Решение администрации Б. Обамы о «возвращении» США в Восточную Азию, осуществляемое с опорой на традиционные военно-политические инструменты, вновь поставило вопрос о будущем китайско-американских отношений и вероятности полномасштабного конфликта между державами. Симптомы такого конфликта можно увидеть в активном вмешательстве Соединенных Штатов в территориальные споры КНР с государствами АСЕАН в Южно-Китайском море.

Решение администрации Б. Обамы о «возвращении» США в Восточную Азию, осуществляемое с опорой на традиционные военно-политические инструменты, со всей остротой вновь поставило вопрос о будущем китайско-американских отношений и вероятности полномасштабного конфликта между двумя державами. Первые симптомы такого конфликта можно увидеть в активном вмешательстве Соединенных Штатов в территориальные споры КНР с государствами АСЕАН в Южно-Китайском море.
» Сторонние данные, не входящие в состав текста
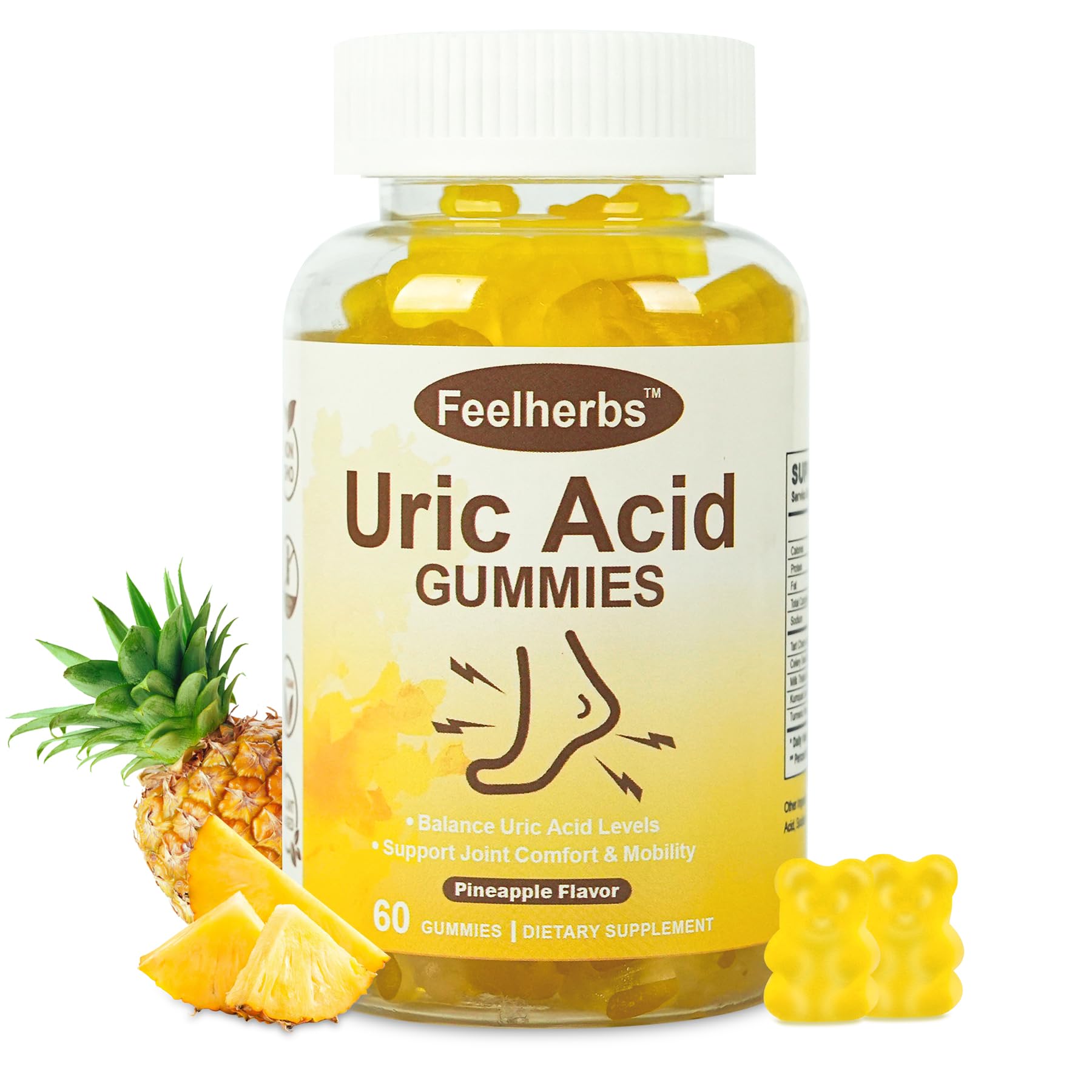 Feelherbs Uric Acid for Joint Cleanse & Detox Gummies 60 Count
В Пекине скептически оценивают потенциал американского лидерства в АТР, стремятся примирить США с неизбежностью усиления китайской мощи, в том числе и военно-политической, и намекают на необходимость разделения ответственности за регион.

Объективно система обеспечения безопасности в Восточной Азии, построенная на комплексе двусторонних военных союзов США с отдельными государствами и не претерпевшая значимых изменений после окончания «холодной войны», нуждается в трансформации. Будущее безопасности в Восточной Азии будет во многом зависеть от того, будут ли готовы Пекин и Вашингтон учитывать мнения, опасения и интересы друг друга в процессе постепенного приведения региональной «архитектуры безопасности» в соответствие с изменившимися условиями международной среды.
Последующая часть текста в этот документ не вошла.